DEKA was a nationwide chain of general merchandise stores in New Zealand. It was launched in 1988 by L.D. Nathan, which split its supermarket and general merchandise divisions. In 1992 ownership of DEKA shifted to the Farmers Trading Company, which had until then been a competitor. As a result of unsustainable financial losses, all DEKA stores were either closed or converted to Farmers stores in 2001.

Trading history 

In 1985 L.D. Nathan split their business into two separate divisions; supermarkets and general merchandise after acquiring the McKenzies general merchandise stores. In 1988 L.D Nathan rebranded their General Merchandise business to DEKA, which launched with 90 stores. The launch was supported with a large advertising campaign of print and TV advertising with the "I Feel Good" slogan, using the James Brown I Got You song. DEKA used the "I Feel Good" slogan until 1996. 

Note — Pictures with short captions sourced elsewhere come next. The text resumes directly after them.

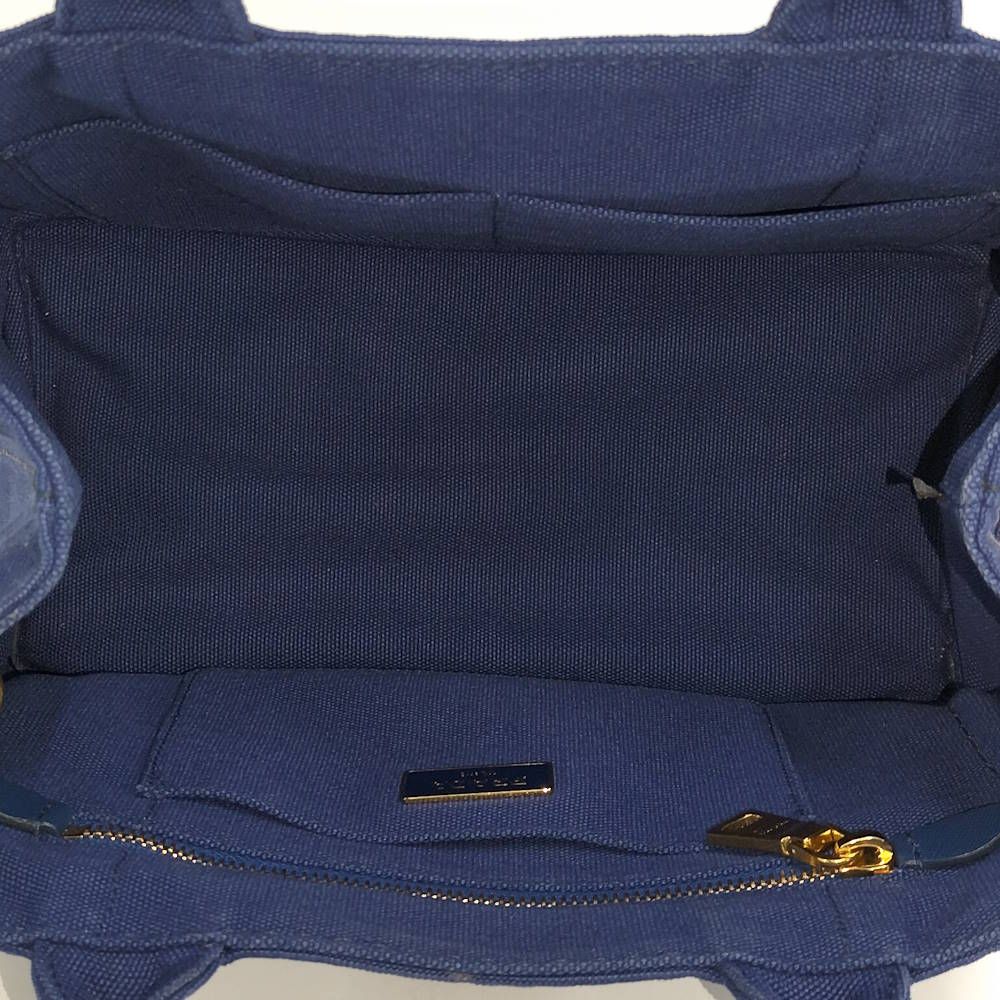 Prada Canapa Tote 2-Way Canvas Blue — view 8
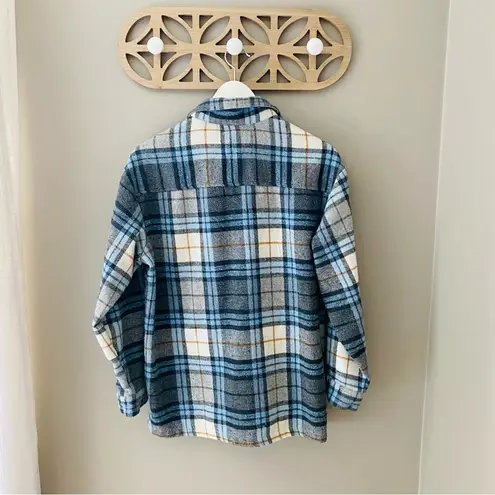 Thread and Supply  Plaid Button Top Blue Sz Small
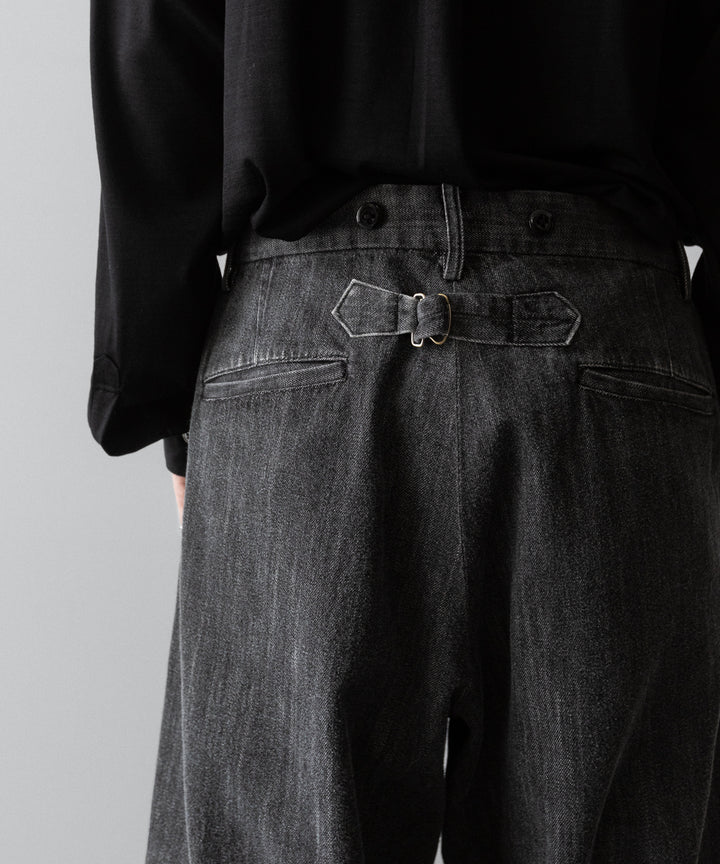 【INTÉRIM】VINTAGE FADE LIGHT DENIM MIL BAGGY TROUSER - MID BLACK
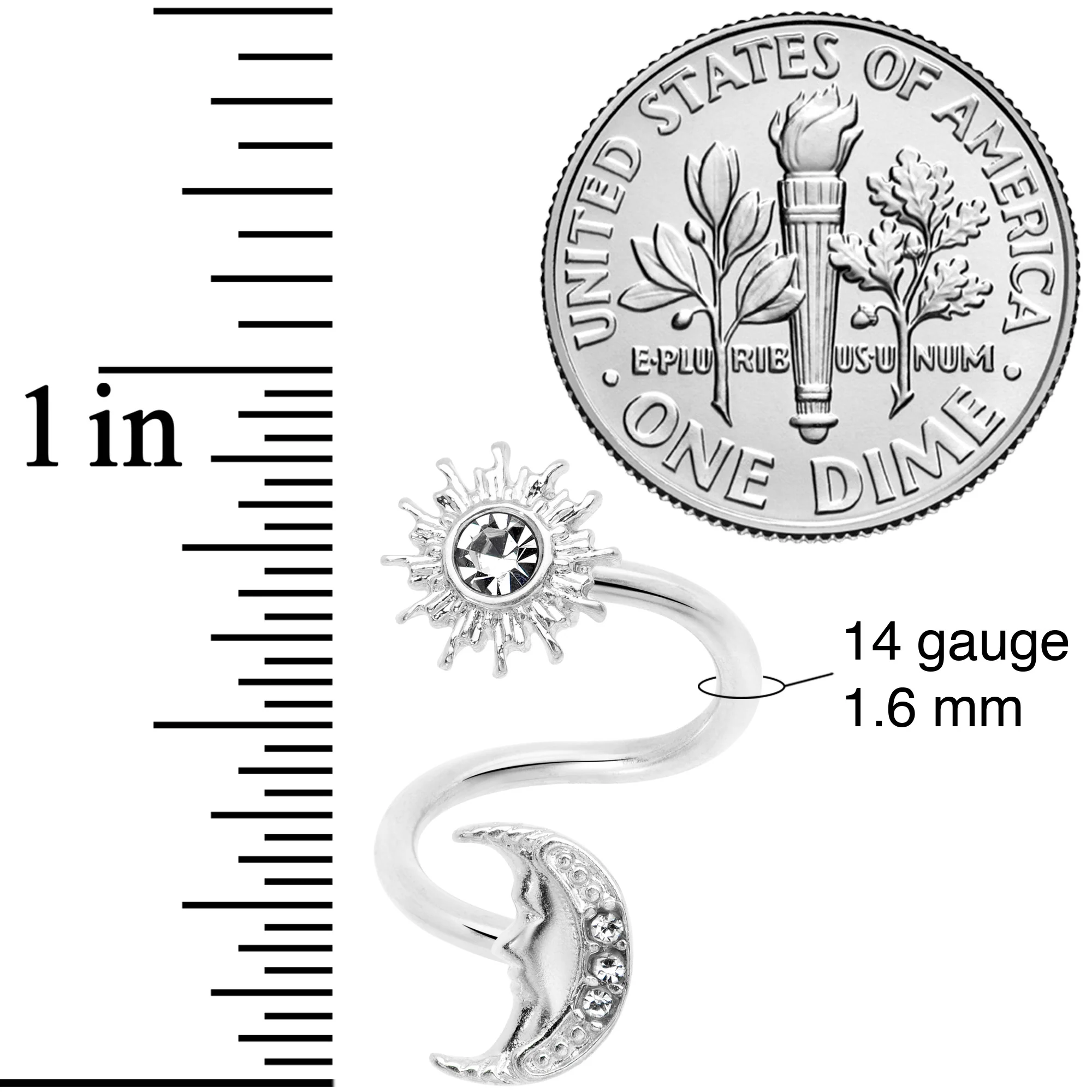 14G 7/16 Clear Gem Moon Spiral Twister Belly Ring - Image 2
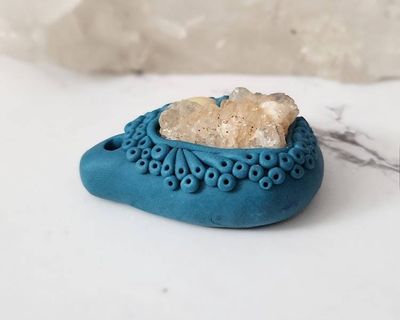 Alternate image for Quartz Cluster and Pearl Polymer Clay Pendant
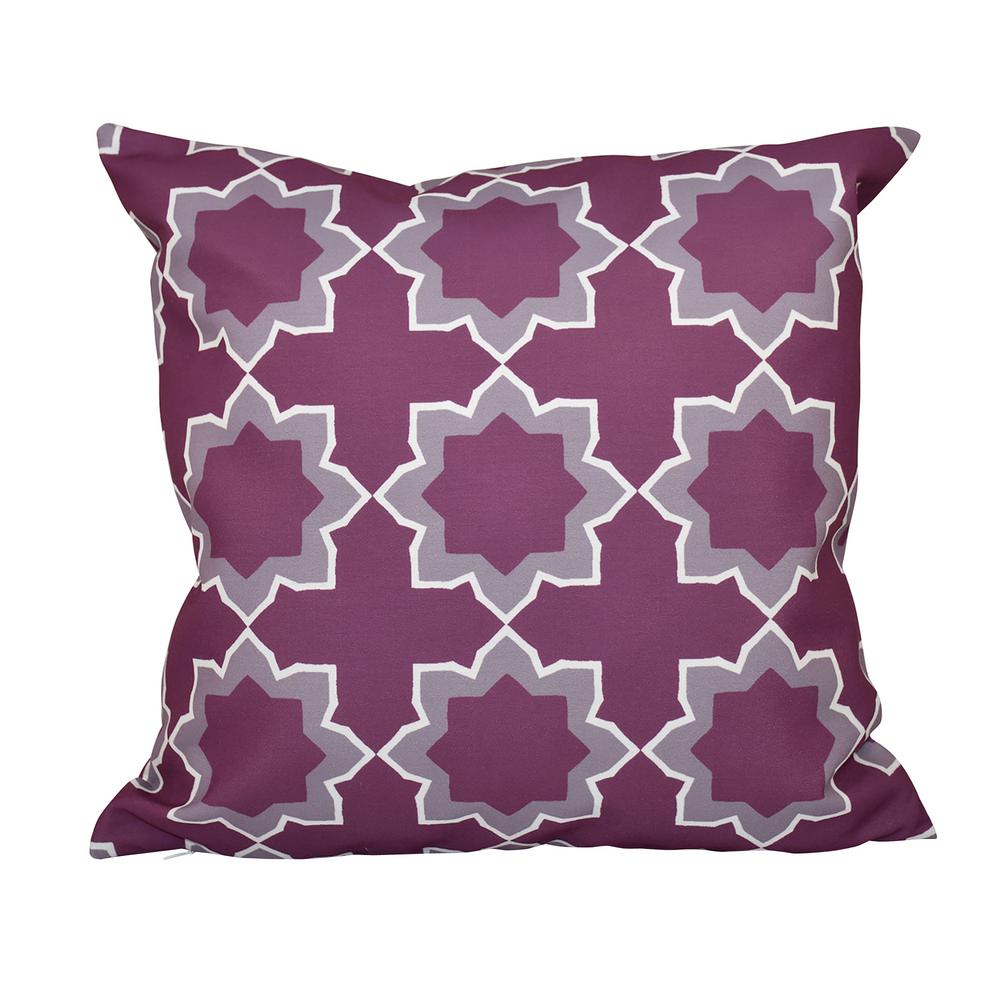 16 in. x 16 in. Purple Tropical Floral Print Pillow PFN502PU516 The Home Depot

DEKA joined with Farmers Trading Company in 1992 to create Farmers Deka Limited. 1996 saw the launch of DEKA's new slogan "You Know Where" which was later changed to "Better value, every day". By 2000 DEKA store numbers had reduced to 61 stores.

Closure 

On 30 July 2001, the DEKA brand ceased to operate in New Zealand. Its demise was due to fierce competition from The Warehouse and continual trading losses. Seventeen stores were converted to Farmers stores and the remaining 43 were closed.

The closure was announced in March 2001 by Farmers Deka Limited and its Australian parent company Foodland Associated Limited (FAL). They announced half-year losses of NZ$3.3m, which were accelerating, and redundancies for 468 full-time and 947 part-time employees. These job losses were partially offset by "almost 400" new roles within Farmers stores (including the 17 rebranded DEKAs).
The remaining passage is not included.